This is my second attempt to get a meaningful response from you guys on this issue.
The SR invariance formula makes space-like intervals imaginary (e.g., the distance $x$ in a given frame has interval $ix$). Yet modern physicists consider it bad form to define the distance itself as $ix$, as Minkowski did. It seems to me that this distinction is trivial—what’s wrong with defining the distance as the value of its interval? An answer to a previous question of mine on this topic referred to a paper by Visser showing that there is a way to do this that can be generalized to GR. So what’s the fuss about? Even if there weren’t such a way, I don’t see how that wd invalidate Minkowski’s definition for SR. Since the interval measure is what’s important, what fundamental difference can it make whether one defines the distance as $ x$ or as its invariant interval $ix$?
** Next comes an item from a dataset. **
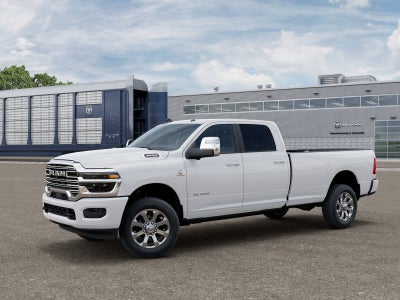 2027 RAM 3500 Laramie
The whole idea of a LT being an imaginary rotation (important, because phi is additive) depends on the use of the invariant measure, which is the complex length between two points in $\mathbb{C}^{2}$, the space in which complex rotations exist, and so the space in which the $x$-$t$ plane is being considered to be embedded when we talk of complex rotations. It can easily be shown that the angle between any two axes in $\mathbb{C}^{2}$, real or imaginary, is a real right angle, and this explains the invariance formula—it is simply the Pythagorean theorem for that complex triangle. So all this ‘invariant interval geometry’ is an integral part of special relativity. If you insist that distances are real and use a Pseudo-Euclidean metric, which would imply entirely different values for these angles, you are throwing out an enormous portion of SR. It is hard to see how that can be billed as an advance in our understanding.